= Harvey Picker =

Harvey Picker (December 8, 1915 - March 22, 2008) was an American businessman, educator, inventor, and philanthropist. He was the founder, along with his wife, Jean, of the Boston-based Picker Institute, whose goal was to promote patient-centered healthcare. In 2000, they founded the Picker Institute Europe.

His wife, Mrs. Jean Sovatkin Picker (Smith College, 1942), who died in 1990, served as a U.S. delegate to the United Nations and was a journalist for Life Magazine.

They "funded the development of survey methods widely used in America and Europe to gauge patient satisfaction."

==Picker X-Ray company==
Picker's father, James, founded Picker X-ray, which was acquired by General Electric Co. Ltd. of England in 1981. It produced air-dropped X-ray labs for the Army in World War II and the Korean War. The younger Harvey led the company into such pioneering fields as cobalt treatment for cancer and ultrasound and nuclear imaging diagnostics; he remained with the company from 1946 to 1968. At age 50, Picker sold the family business.

==Academia==
After earning his doctorate, Picker worked briefly in the diplomatic service. He taught political science at Colgate University. Between 1972 and 1983 he served as dean of Columbia University's School of International and Public Affairs.

== Picker Institute (Boston-based) ==

Dr. and Mrs. Picker believed that the American health care system was technologically and scientifically outstanding but overall was not sensitive to patients' concerns and their comfort. Thus, in 1986, they founded the Picker Institute—a not-for-profit organization dedicated to developing a patient-centered approach to healthcare—and in 2000 founded the Picker Institute Europe.

The Boston-based Picker Institute ceased operations in January 2013.

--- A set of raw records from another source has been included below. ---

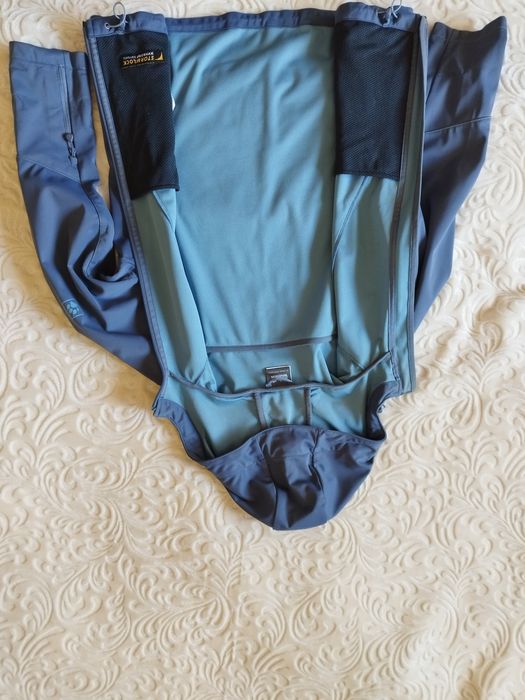 Jack Wolfskin stormlock softshell rab montane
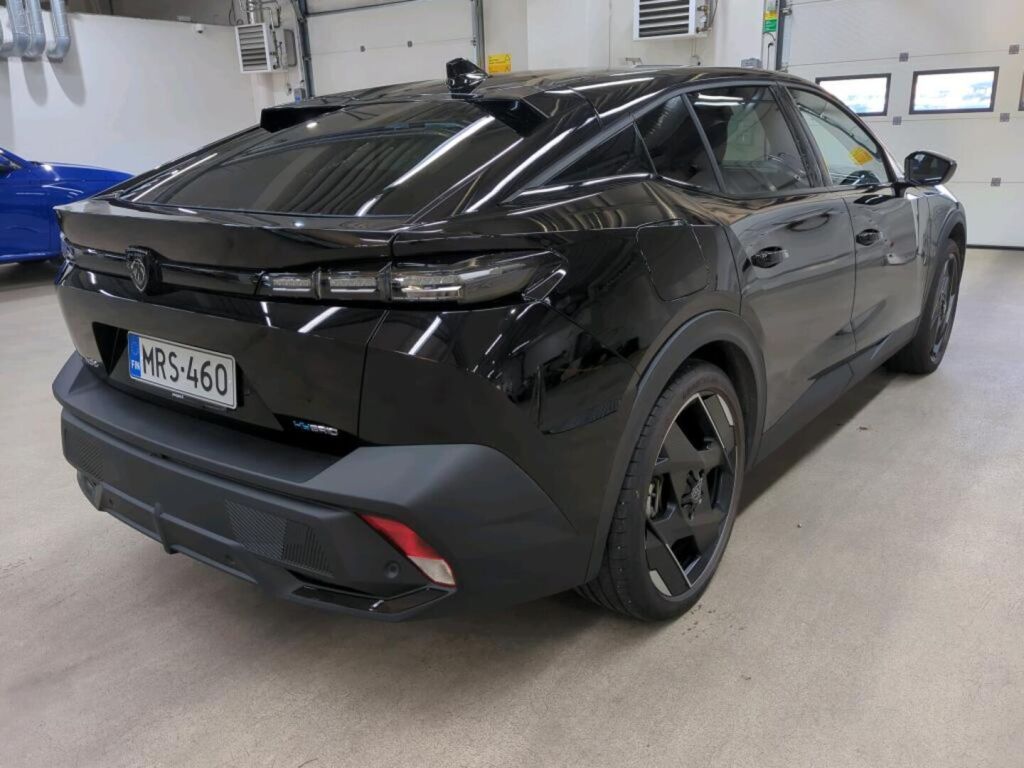 Peugeot 408 2026 Musta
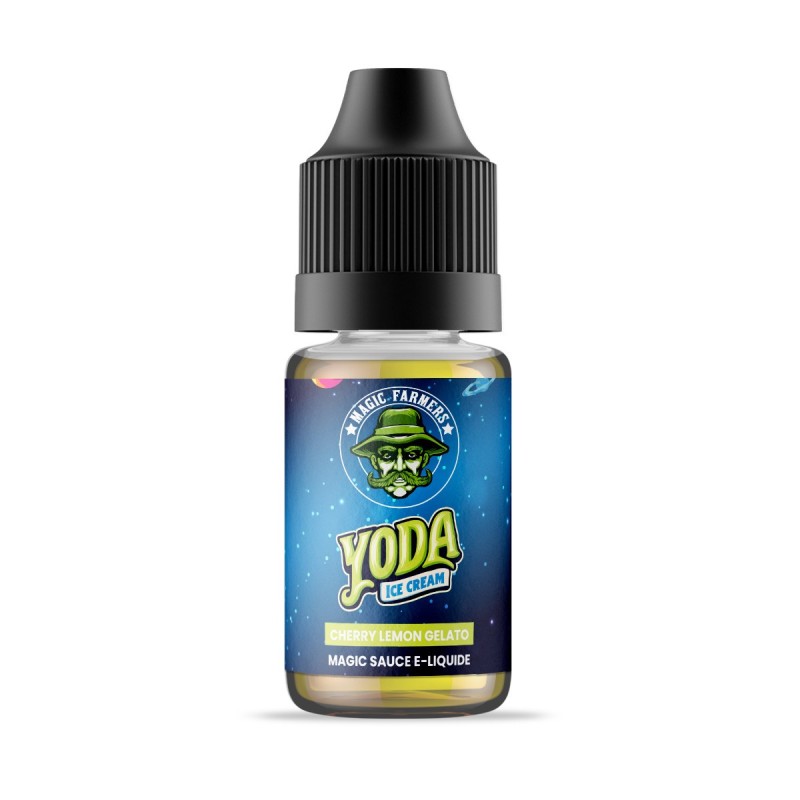 Yoda Ice Cream 10ML Magic Sauce | E-lichid Gurmand și Intens
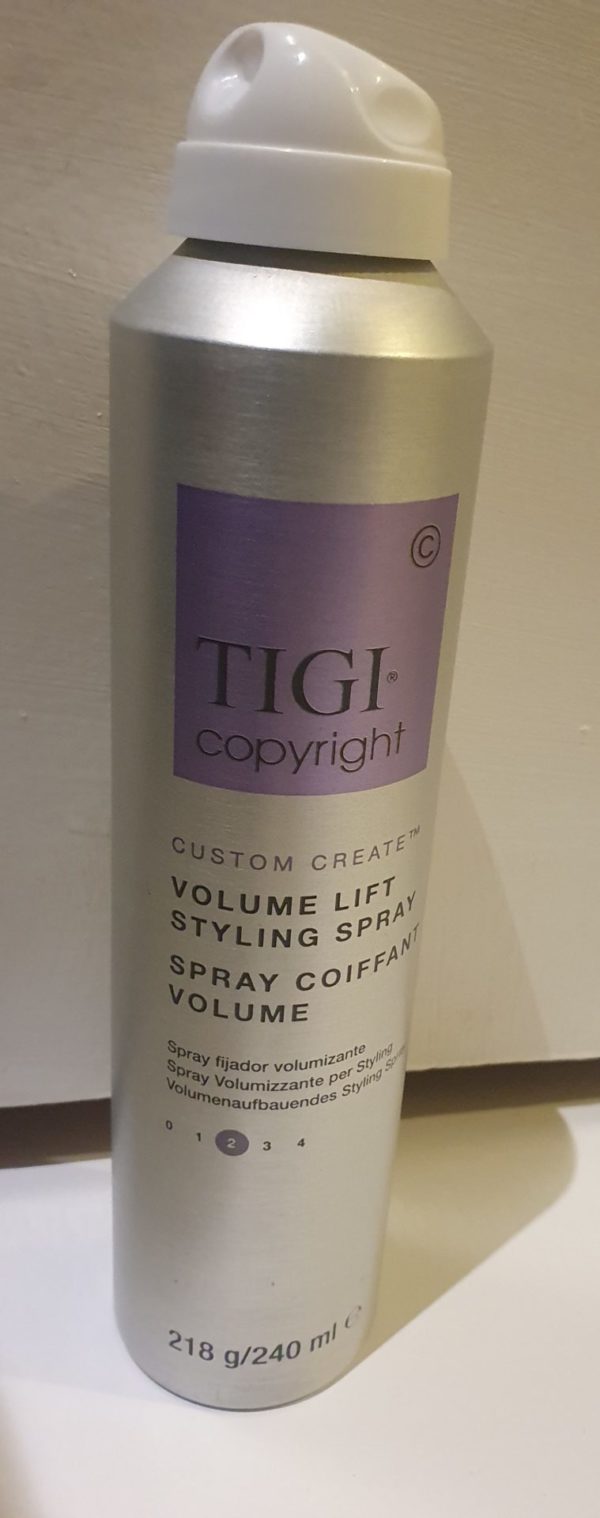 TIGI Copyright Custom Create Volume Lift Styling Spray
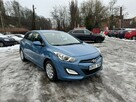 Hyundai i30 1.4i-100km-Serwisowany-Bezwypadkowy-1-Właściciel-Klima-LED-Komputer - 2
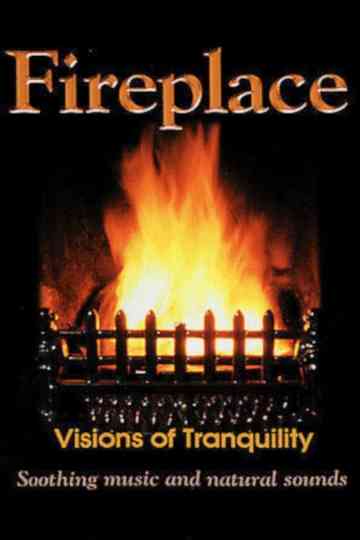 Fireplace Visions of Tranquility Poster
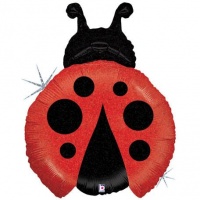 Party Supplies 27 Inch Ladybug Mylar Balloon Party Supplies 27 Inch Ladybug Mylar Balloon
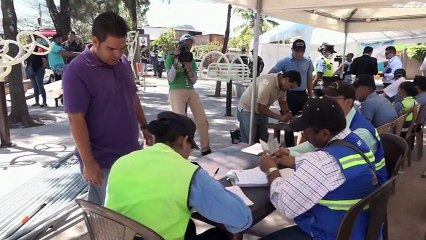 Intervienen estacion de autobuses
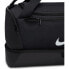 Фото #2 товара Спортивная сумка Nike ACADEMY DUFFLE M CU8096 010 Чёрный Один размер 37 L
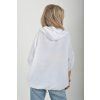 Bílá mušelínová mikina ES6627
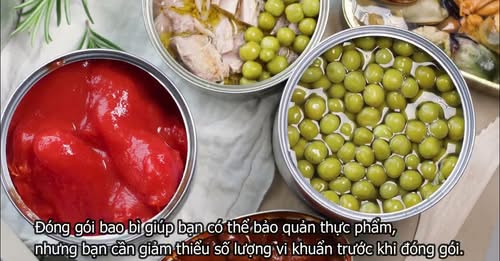 TIỆT TRÙNG SẢN PHẨM ĐÓNG GÓI – BÍ QUYẾT GIỮ CHẤT LƯỢNG VÀ AN TOÀN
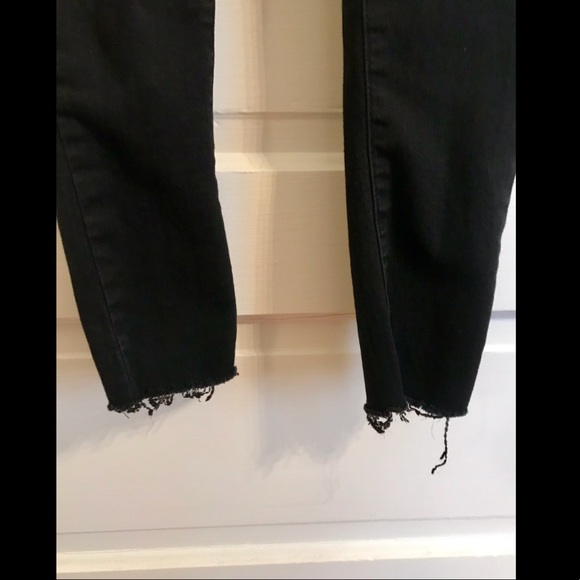 NWOT Free People Hi-Rise Cropped Jeggings - Picture 3 of 4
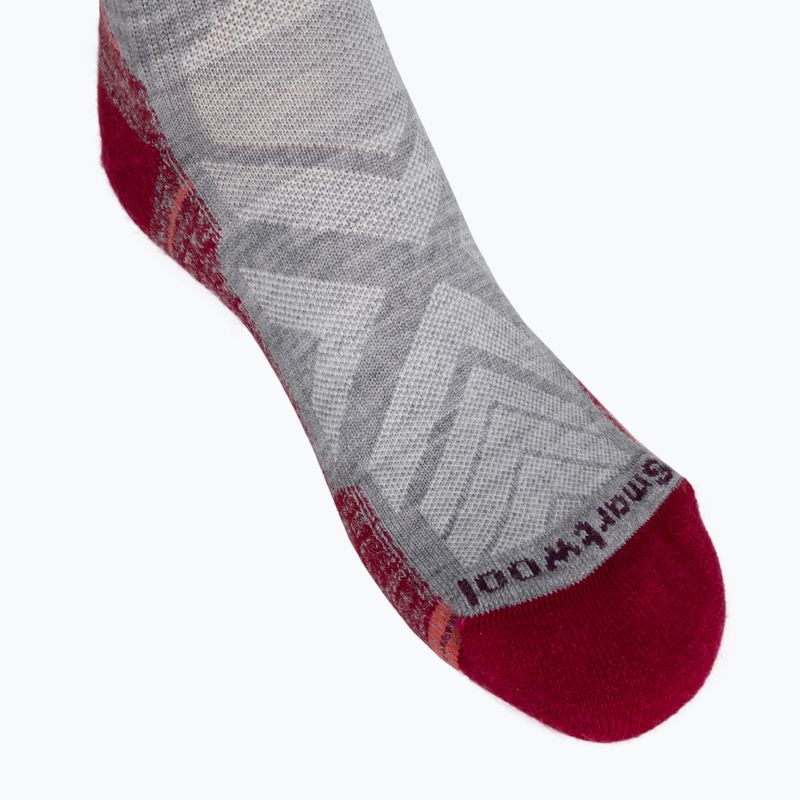 Smartwool Performance Hike Light Cushion Crew grau Trekkingsocken SW0015730391
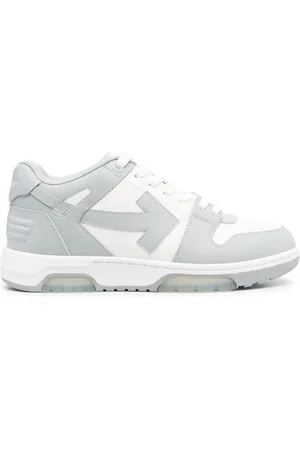 OFF-WHITE Out Of Office Leather Sneakers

==Picker Institute Europe==

The England-based institute founded by the Pickers is named Picker Institute Europe; they've been critical of the Friends and Family Test. As did the Boston-based institute, the focus is on patient care.

==Personal==
Picker's New York Times obituary said that he is survived by two daughters and three grandchildren. He graduated from Colgate University (BA), Harvard Business School (MBA), and Columbia University (PhD).